In the present motion, Defendant J.H. Miles seeks to transfer this action to the Eastern District of Virginia pursuant to 28 U.S.C. § 1404(a). Section 1404(a) provides in pertinent part that “[f]or the convenience of parties and witnesses, in the interest of justice, a district court may transfer any civil action to any other district or division where it might have been brought or to any district or division to which all parties have consented.” 28 U.S.C. § 1404(a).

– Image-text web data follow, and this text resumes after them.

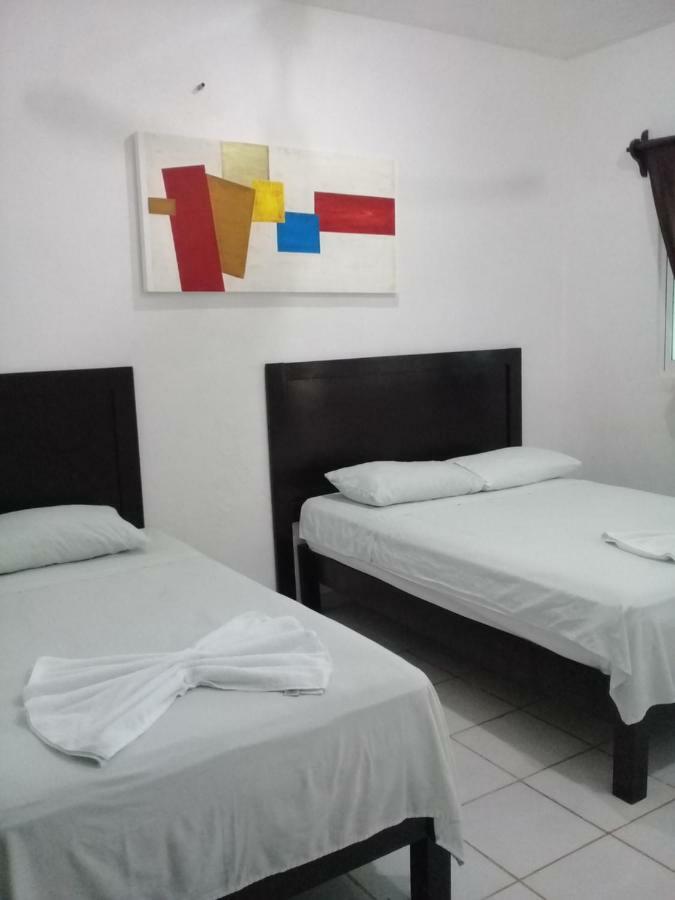 Hotel 41 Valladolid Valladolid  Extérieur photo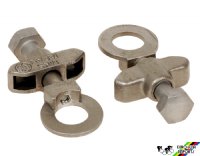 Chain Tensioners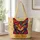 13x16-1-inches/Kdwo4_pNVR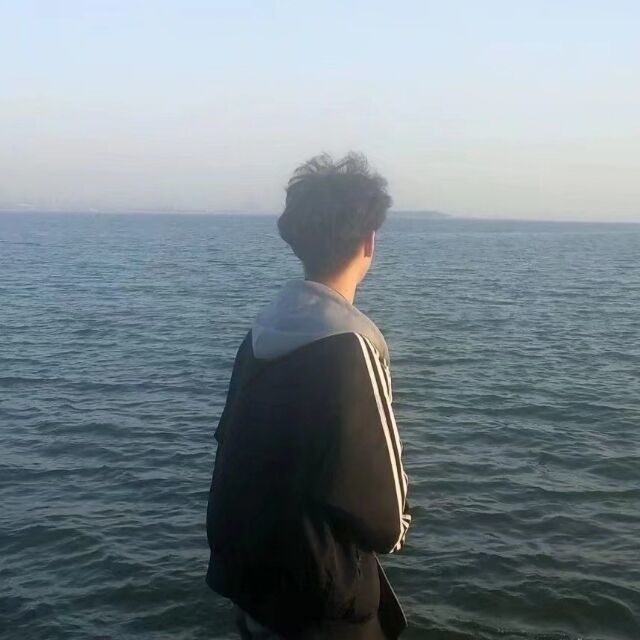 梁的第一张照片--长乐征婚网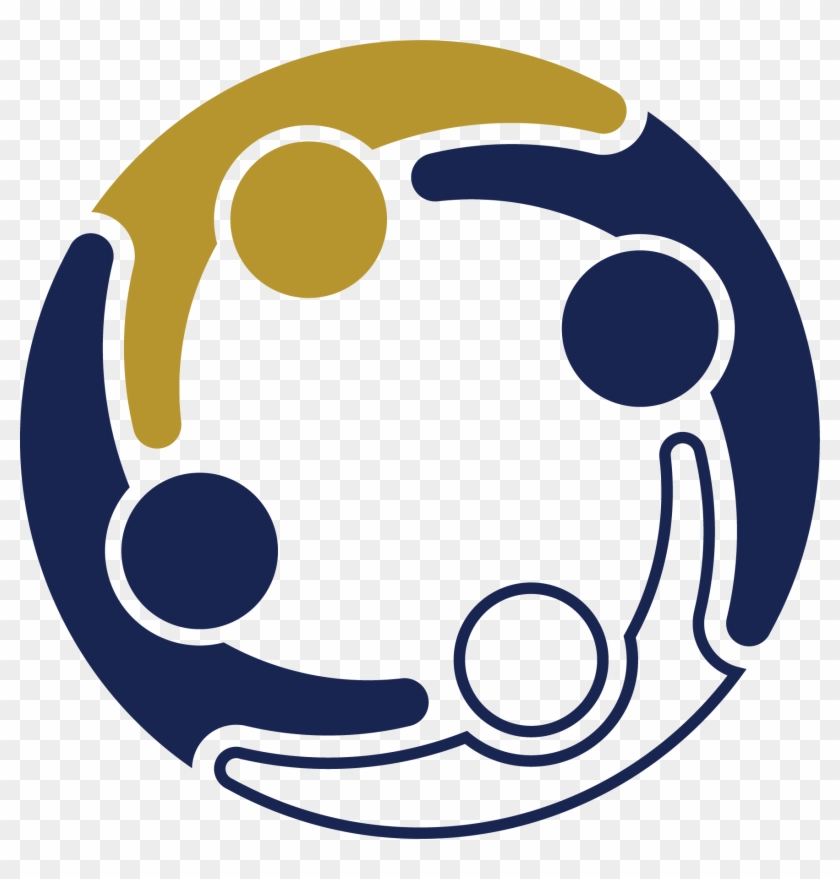 Round Table Resolutions - نرم افزار شارژ آمد #1239074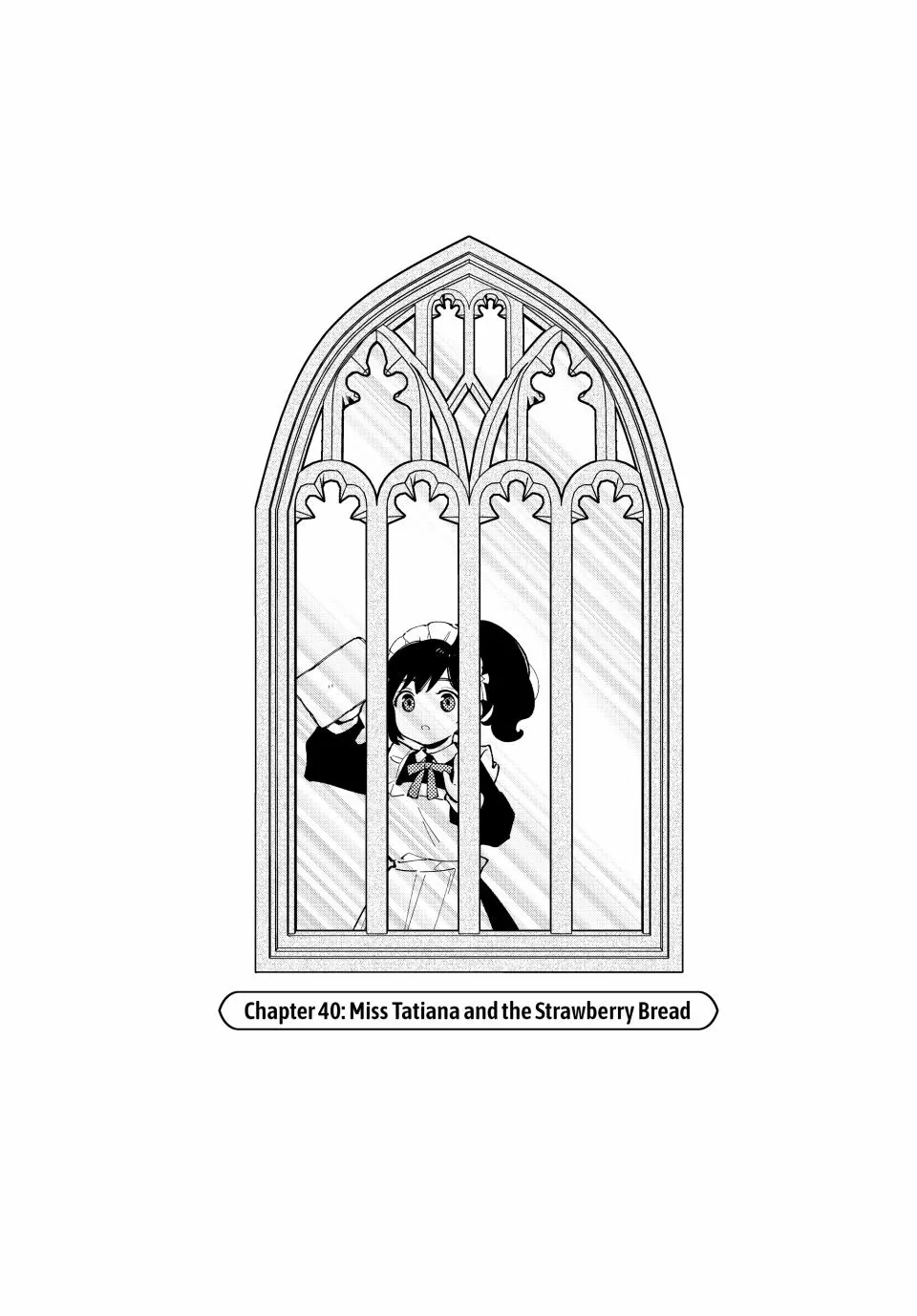 Read Tensei Daiseijo no Isekai Nonbiri Kikou Chapter 40 Online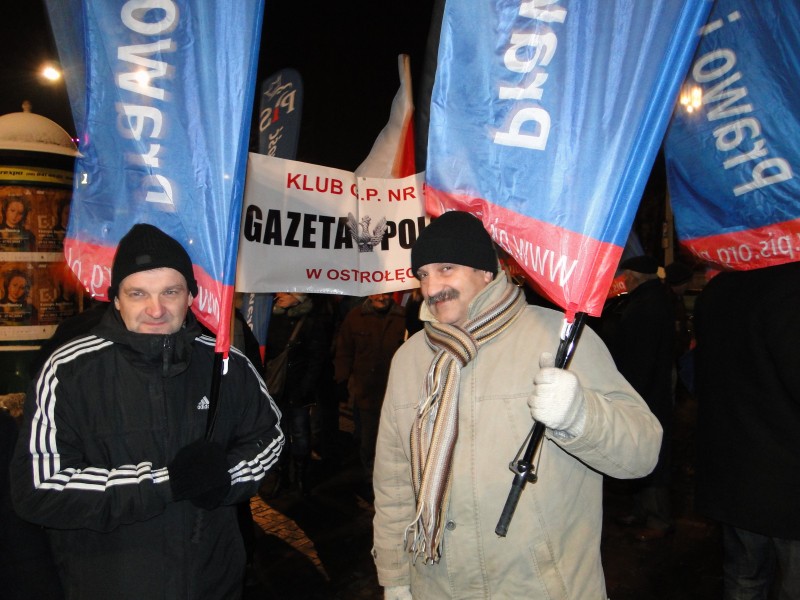 fot. eostroleka.life 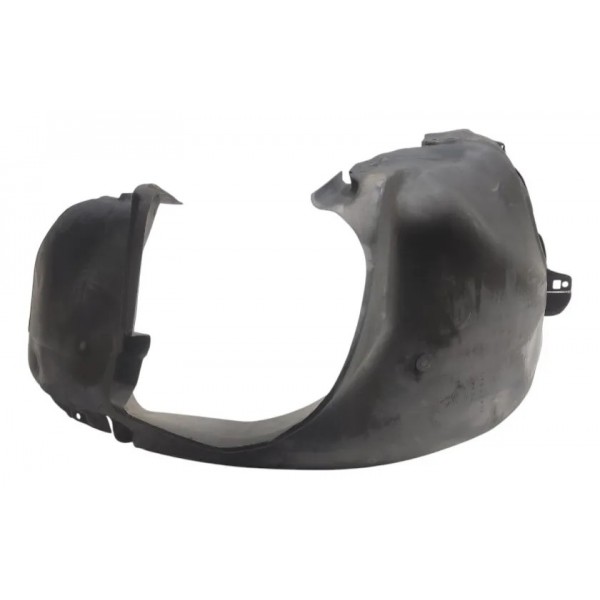 Par Parabarro Palio 1996 1997 1998 1999 Original Com Detlhes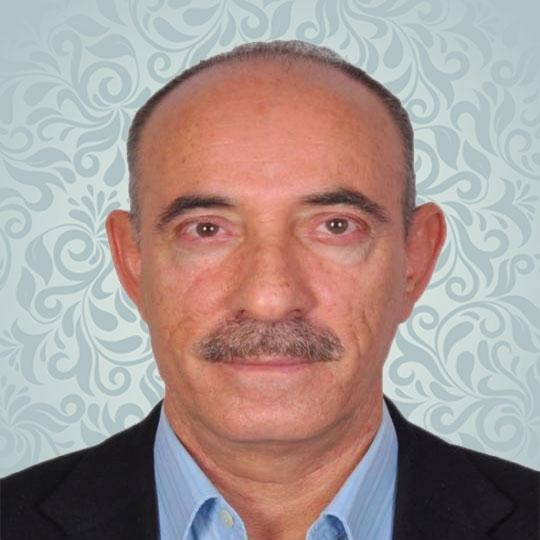 MUSTAFA YILDIZ/Almanyadan İzlenimler -3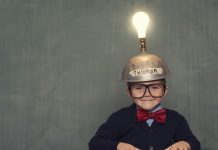 پنج گام برای پرورش هوش هیجانی در کودکان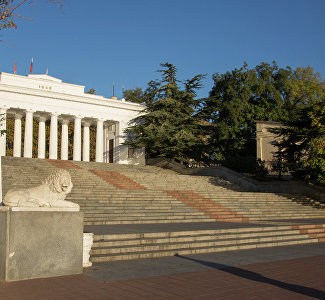 В Севастополе пройдёт первая экскурсия на самокатах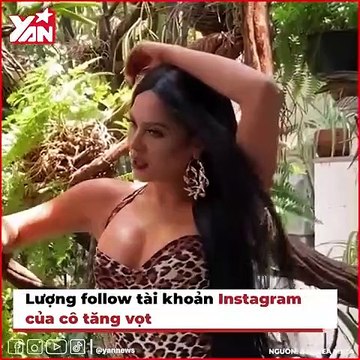 Dân tình đổ xô đi soi nhan sắc đời thường tân hoa hậu hoàn vũ thế giới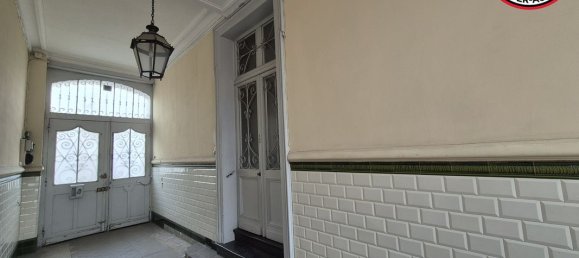 Casa T6 em Cambrai, France N.º 41159 4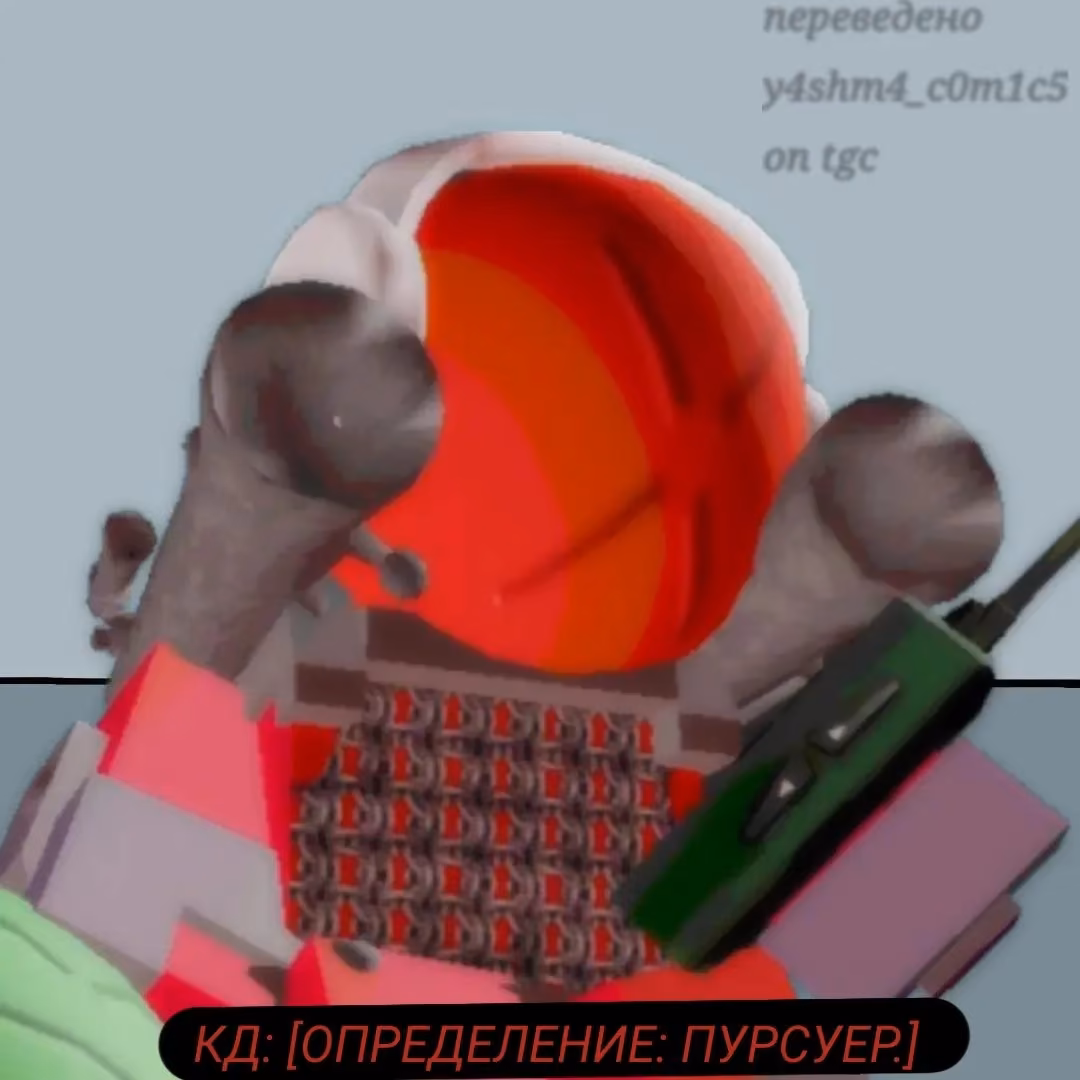 YMxWsG0cUPtjzjbiz16AJHr8PsfsckXboy6bWZyL.jpg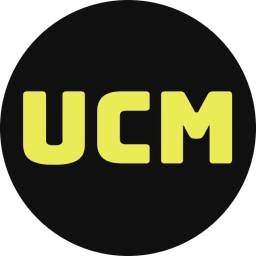 Uresco Construction Materials Inc Logo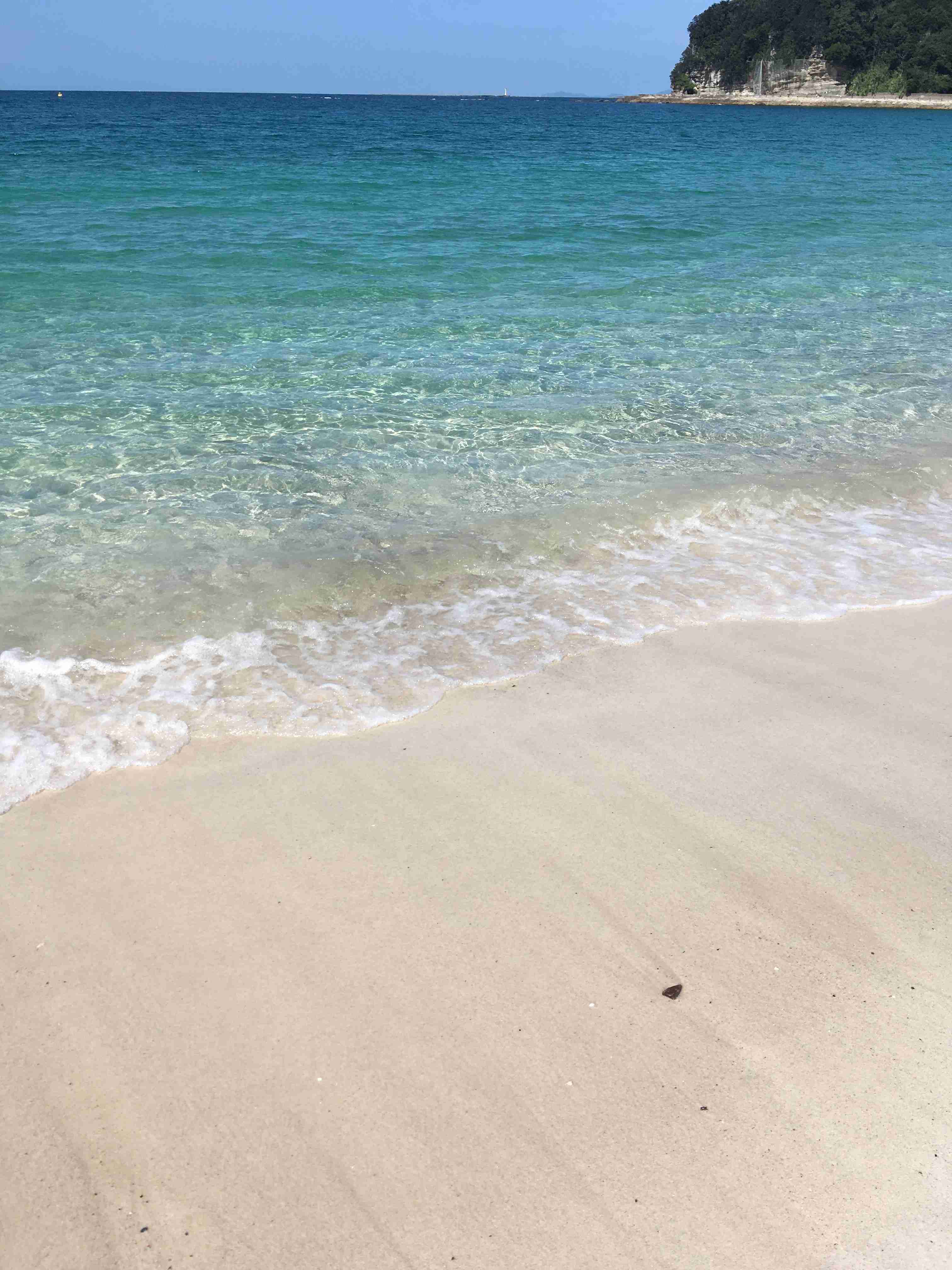 都道府県魅力度ランキング2019発表！1位は北海道、茨城県は7年連続で最下位に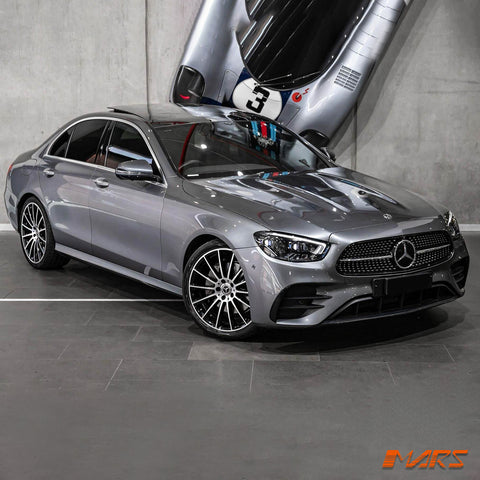 W213-S2-20-AMG-FB-XC-14.jpg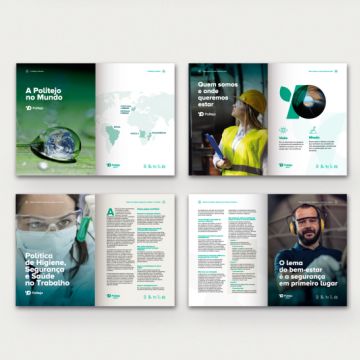 Jéssica Marques - Designer - Coimbra - Web Development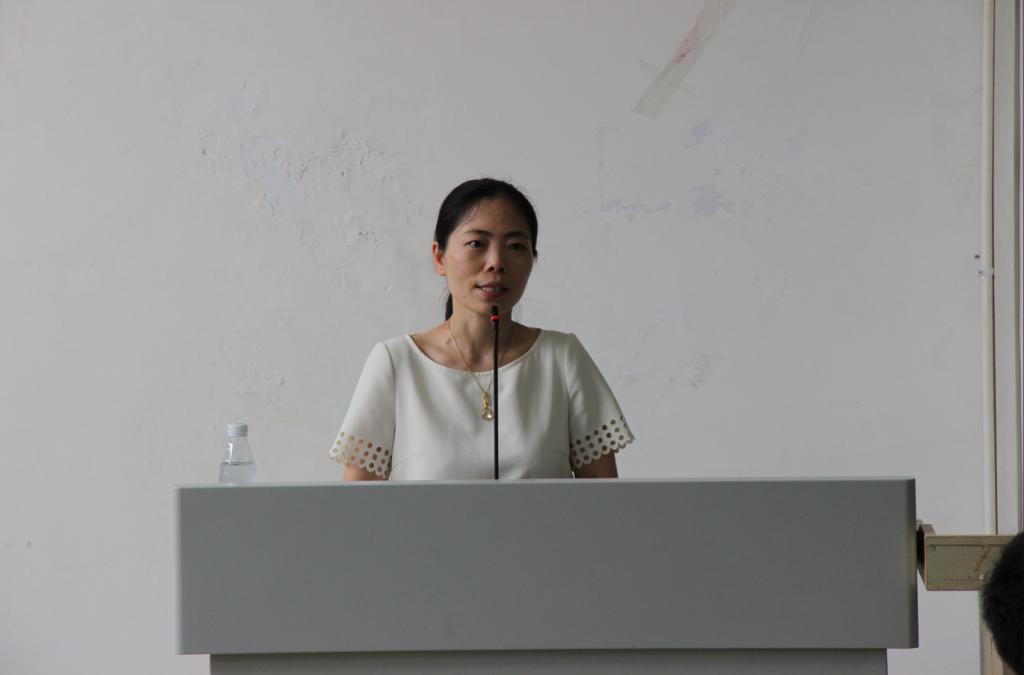 捕获.PNG 捕获.PNG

As the Supreme Court has recognized, Section 1404(a) “is intended to place discretion in the district court to adjudicate *115motions for transfer according to an individualized, case-by-case consideration of convenience and fairness.” Stewart Org., Inc. v. Ricoh Corp., 487 U.S. 22, 29, 108 S.Ct. 2239, 101 L.Ed.2d 22 (1988). Not only are “Section 1404(a) transfers ... discretionary determinations made for the convenience of the parties[, but they] ... presuppose that the court has jurisdiction and that the case has been brought in the correct forum.” Lafferty v. St. Riel, 495 F.3d 72, 76 (3d Cir.2007) (citing Jumara v. State Farm Ins. Co., 55 F.3d 873, 878 (3d Cir.1995); 17A Moore’s Federal Practice, § 111.02 (Matthew Bender 3d ed.2006)).

Generally, when considering a motion to transfer under Section 1404(a), district courts not only weigh the enumerated factors — convenience of the parties, convenience of the witnesses, or the interests of justice — but also a number of “private and public interests” to determine which forum may more conveniently facilitate the litigation and better serve the interests of justice. Jumara, 55 F.3d at 879. In deciding a motion to transfer under Section 1404(a), the district should bear in mind that this “analysis is flexible and must be made on the unique facts of each case.” Calkins v. Dollarland, Inc., 117 F.Supp.2d 421, 428 (D.N.J.2000) (citing Piper Aircraft Co. v. Reyno, 454 U.S. 235, 249-50, 102 S.Ct. 252, 70 L.Ed.2d 419 (1981)). Despite the flexibility of the analysis, however, “[t]he burden of showing a need for transfer [remains] on the movant,” in this case, Defendant J.H. Miles, at all times. In re Amendt, 169 Fed.Appx. 93, 96 (3d Cir.2006) (citing Jumara, 55 F.3d at 879).

As the Third Circuit explained in Jumara, the relevant private interests the district court should review include:

plaintiffs forum preference as manifested in the original choice; the defendant’s preference; whether the claim arose elsewhere; the convenience of the parties as indicated by their relative physical and financial condition; the convenience of the witnesses — but only to the extent that the witnesses may . actually be unavailable for trial in one of the fora; and the location of books and records (similarly limited to the extent that the flies could not be produced in the alternative forum).

Id. at 879 (internal citations omitted). The pertinent public interest a district court should consider include:

the enforceability of the judgment; practical considerations that could make the trial easy, expeditious, or inexpensive; the relative administrative difficulty in the two fora resulting from court congestion; the local interest in deciding local controversies at home; the public policies of the fora; and the familiarity of the trial judge with the applicable state law in diversity cases.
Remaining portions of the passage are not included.